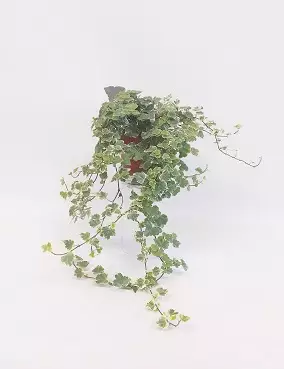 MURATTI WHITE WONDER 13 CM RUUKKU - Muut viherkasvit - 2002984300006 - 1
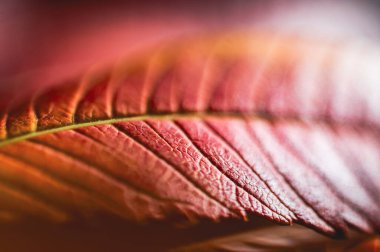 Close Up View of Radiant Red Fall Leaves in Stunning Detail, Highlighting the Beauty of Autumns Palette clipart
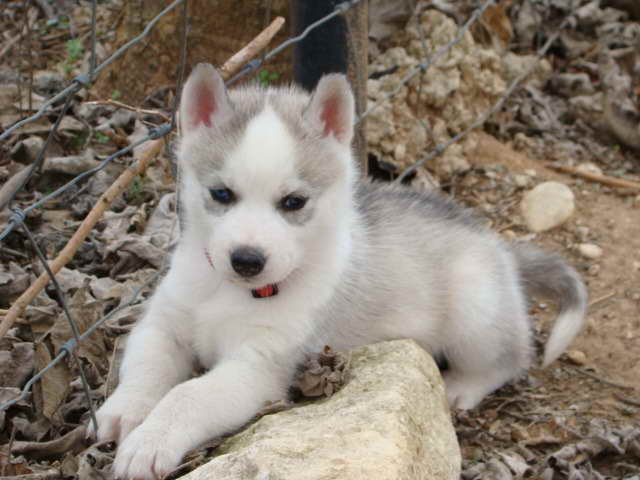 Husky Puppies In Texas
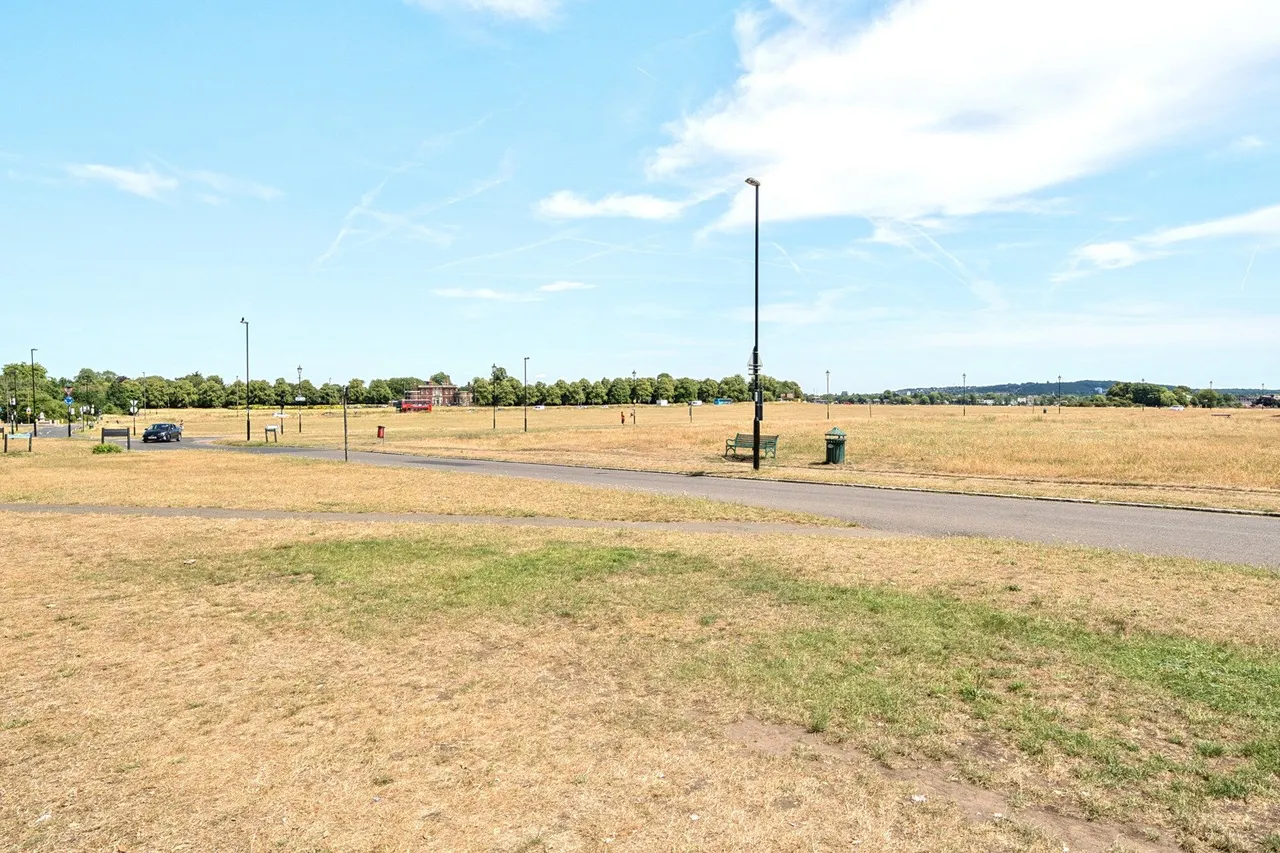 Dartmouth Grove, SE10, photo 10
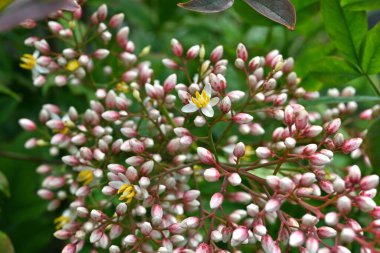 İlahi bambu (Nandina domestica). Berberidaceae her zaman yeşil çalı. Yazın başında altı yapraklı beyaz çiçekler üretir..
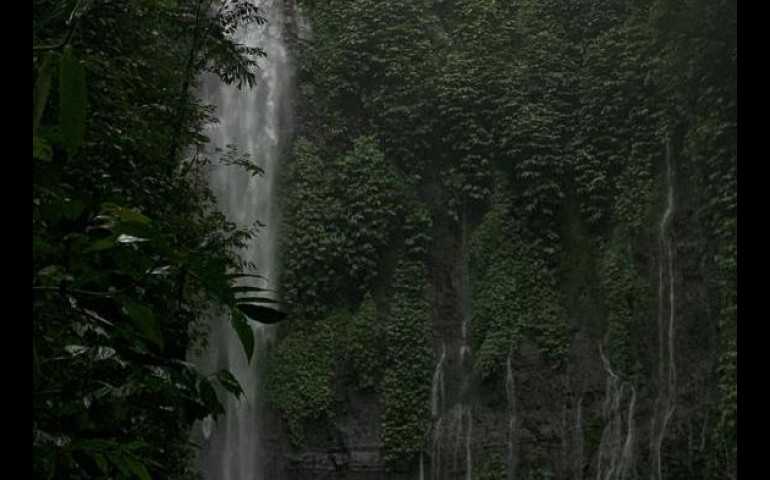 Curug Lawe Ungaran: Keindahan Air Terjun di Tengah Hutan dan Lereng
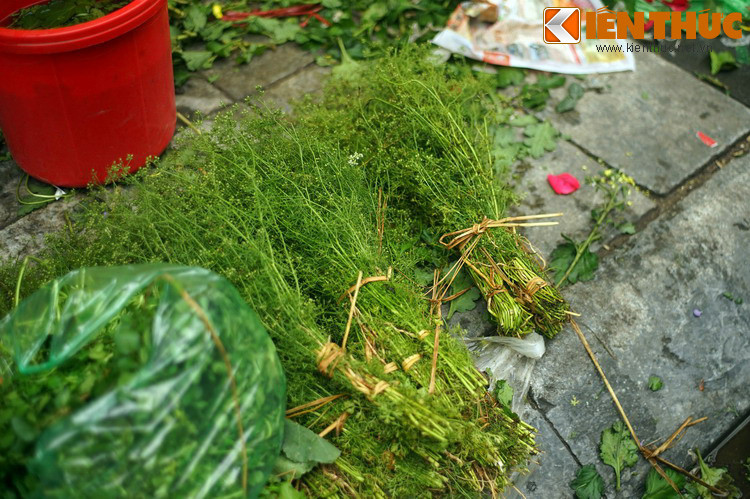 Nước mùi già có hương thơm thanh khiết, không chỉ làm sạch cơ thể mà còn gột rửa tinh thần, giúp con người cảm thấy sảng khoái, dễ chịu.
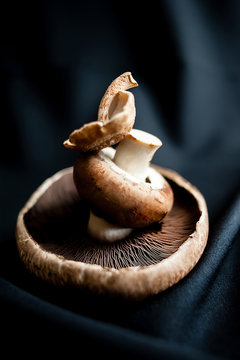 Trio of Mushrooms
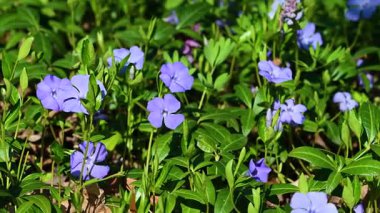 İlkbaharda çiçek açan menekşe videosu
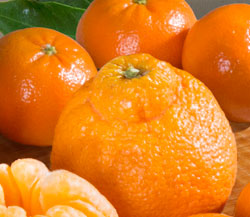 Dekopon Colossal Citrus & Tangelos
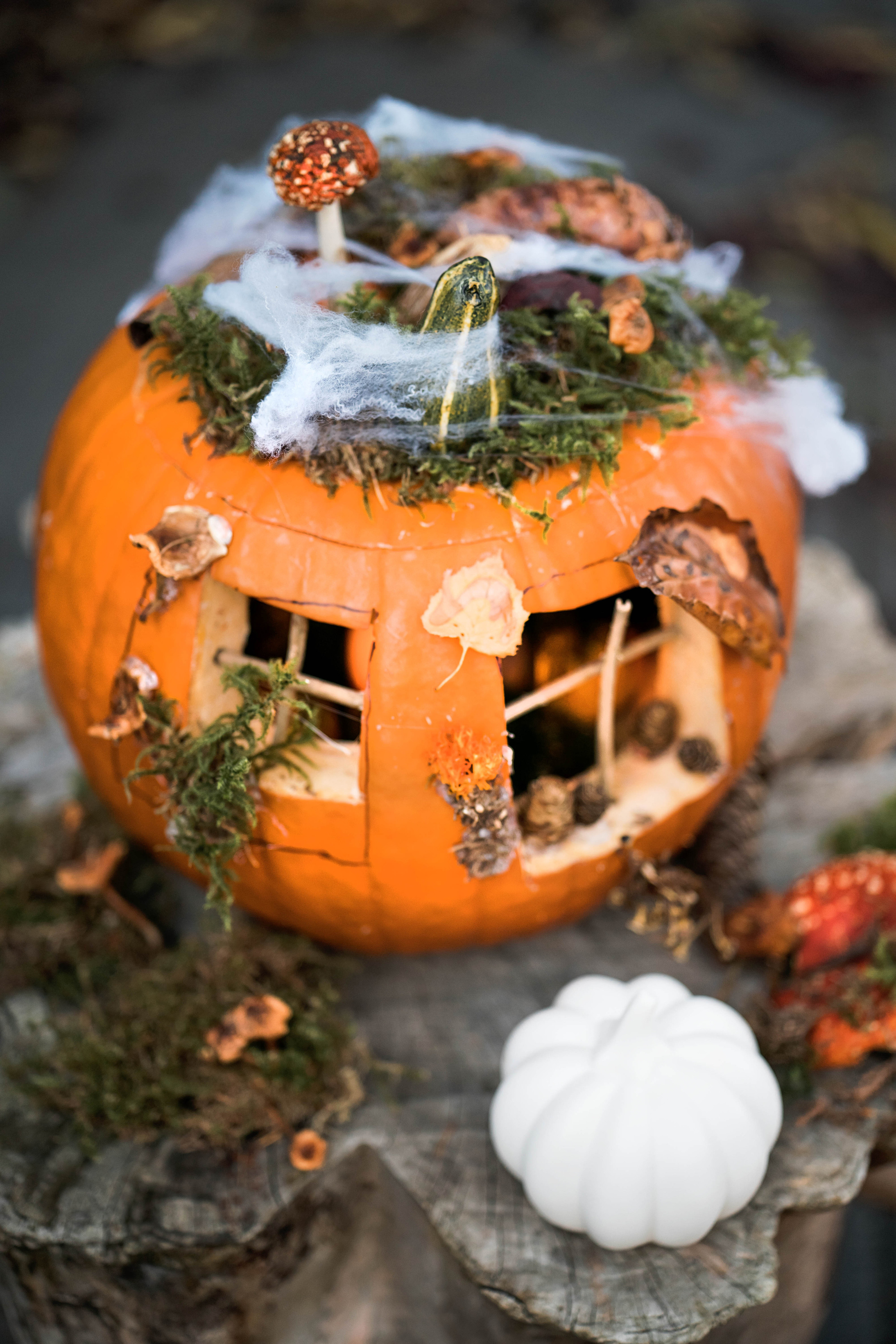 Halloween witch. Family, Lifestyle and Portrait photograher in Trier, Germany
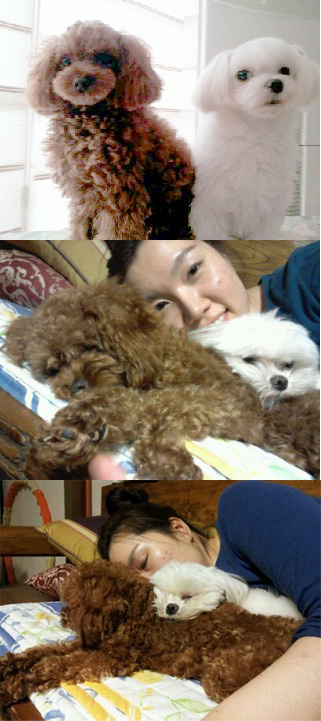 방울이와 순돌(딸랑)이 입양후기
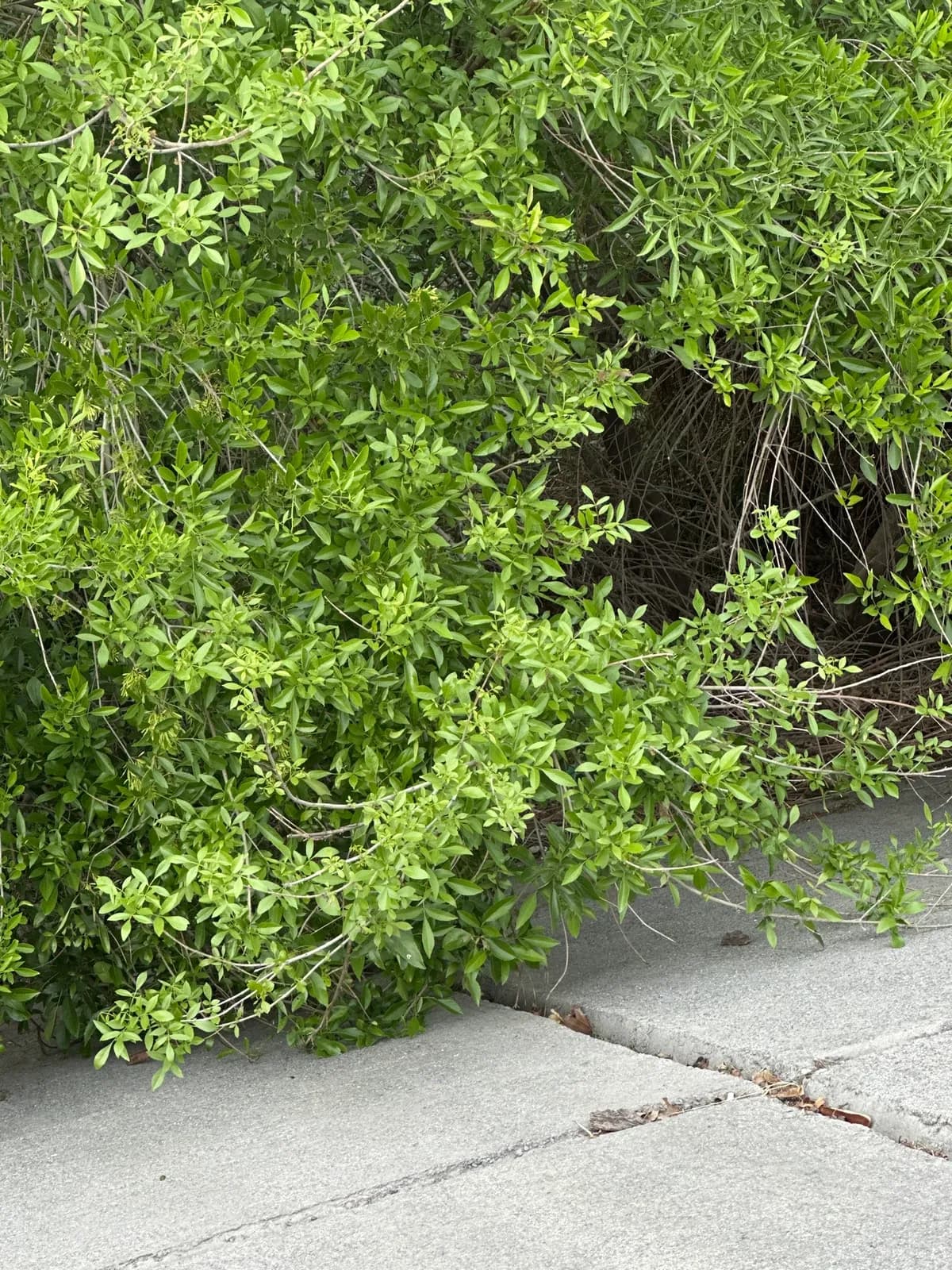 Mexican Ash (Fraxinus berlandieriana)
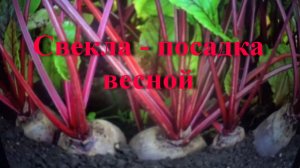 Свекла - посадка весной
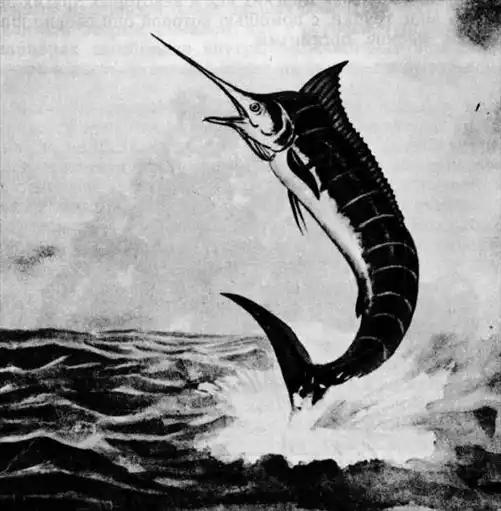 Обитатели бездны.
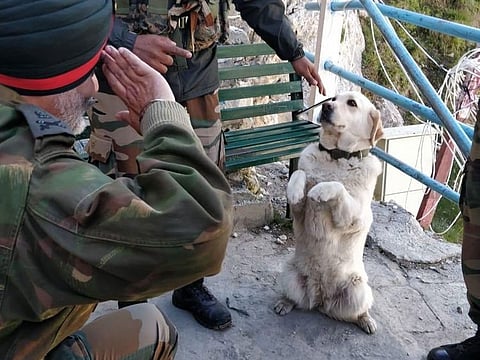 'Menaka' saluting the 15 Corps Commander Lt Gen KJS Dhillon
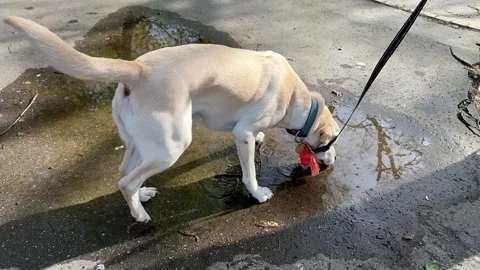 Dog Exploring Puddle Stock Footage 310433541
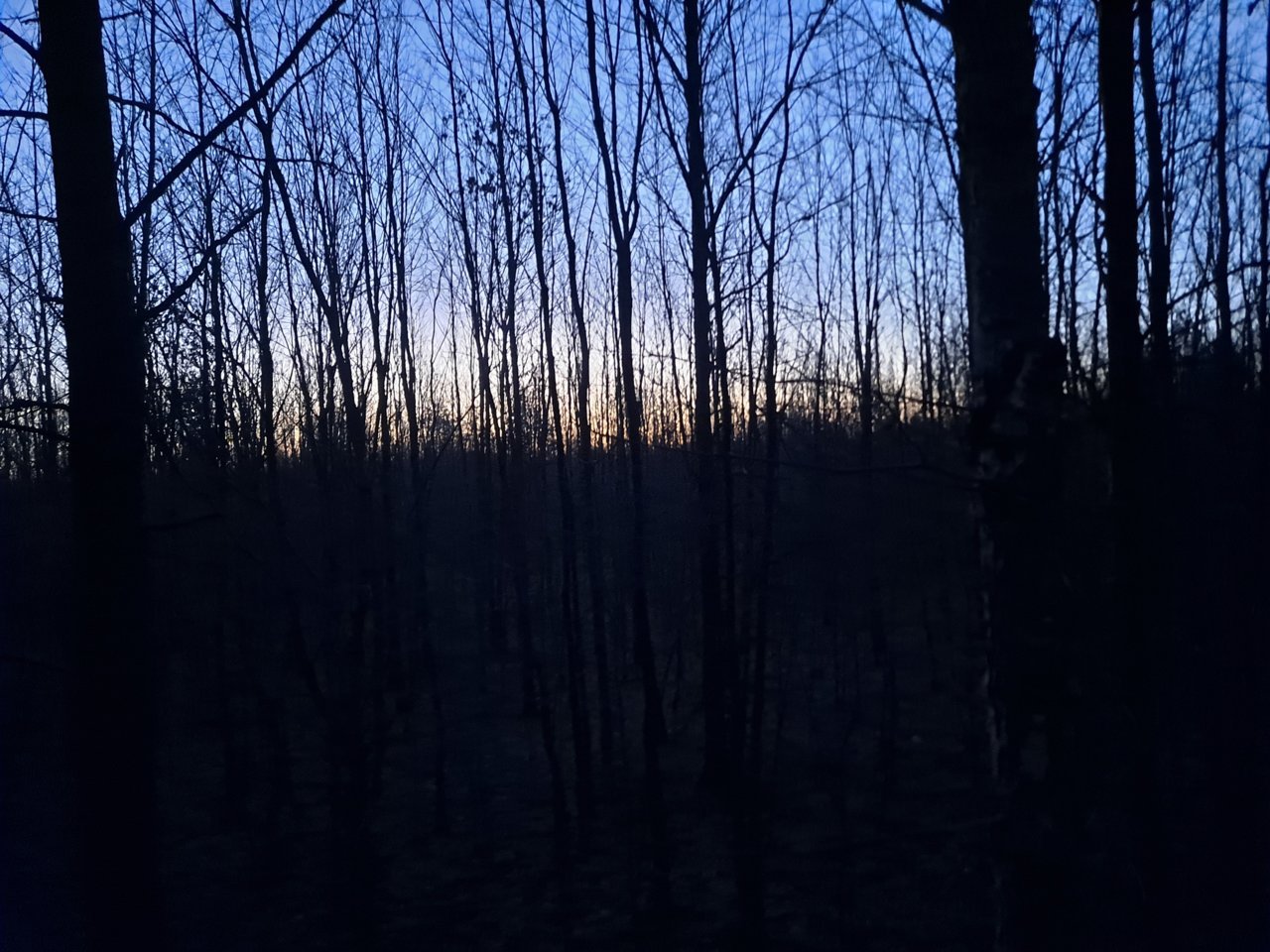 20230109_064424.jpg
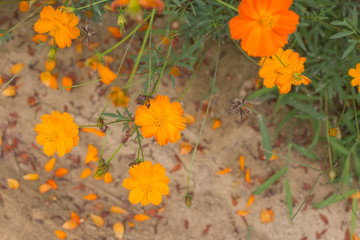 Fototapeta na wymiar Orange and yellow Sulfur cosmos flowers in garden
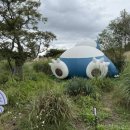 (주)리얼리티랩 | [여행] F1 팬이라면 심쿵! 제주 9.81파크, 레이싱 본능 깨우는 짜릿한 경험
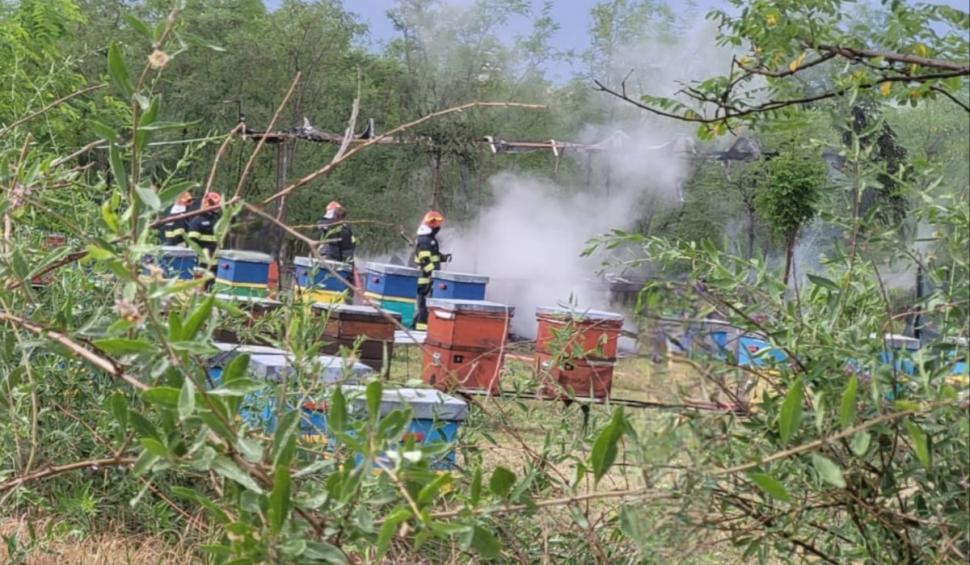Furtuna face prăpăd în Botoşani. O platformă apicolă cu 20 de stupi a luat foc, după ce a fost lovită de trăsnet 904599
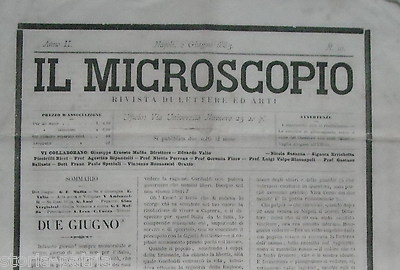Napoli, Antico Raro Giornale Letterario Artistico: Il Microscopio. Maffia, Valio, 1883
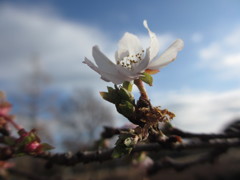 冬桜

------------------------

- The problem -
Repeat, exactly and in full, all records above, but include no pictures.

- Solution -
 MURATTI WHITE WONDER 13 CM RUUKKU - Muut viherkasvit - 2002984300006 - 1
 Close Up View of Radiant Red Fall Leaves in Stunning Detail, Highlighting the Beauty of Autumns Palette clipart
 Husky Puppies In Texas
 Dartmouth Grove, SE10, photo 10
 İlahi bambu (Nandina domestica). Berberidaceae her zaman yeşil çalı. Yazın başında altı yapraklı beyaz çiçekler üretir..
 Curug Lawe Ungaran: Keindahan Air Terjun di Tengah Hutan dan Lereng
 Nước mùi già có hương thơm thanh khiết, không chỉ làm sạch cơ thể mà còn gột rửa tinh thần, giúp con người cảm thấy sảng khoái, dễ chịu.
 Trio of Mushrooms
 İlkbaharda çiçek açan menekşe videosu
 Dekopon Colossal Citrus & Tangelos
 Halloween witch. Family, Lifestyle and Portrait photograher in Trier, Germany
 방울이와 순돌(딸랑)이 입양후기
 Mexican Ash (Fraxinus berlandieriana)
 Свекла - посадка весной
 Обитатели бездны.
 'Menaka' saluting the 15 Corps Commander Lt Gen KJS Dhillon
 Dog Exploring Puddle Stock Footage 310433541
 20230109_064424.jpg
 Fototapeta na wymiar Orange and yellow Sulfur cosmos flowers in garden
 (주)리얼리티랩 | [여행] F1 팬이라면 심쿵! 제주 9.81파크, 레이싱 본능 깨우는 짜릿한 경험
Furtuna face prăpăd în Botoşani. O platformă apicolă cu 20 de stupi a luat foc, după ce a fost lovită de trăsnet 904599
Napoli, Antico Raro Giornale Letterario Artistico: Il Microscopio. Maffia, Valio, 1883
 冬桜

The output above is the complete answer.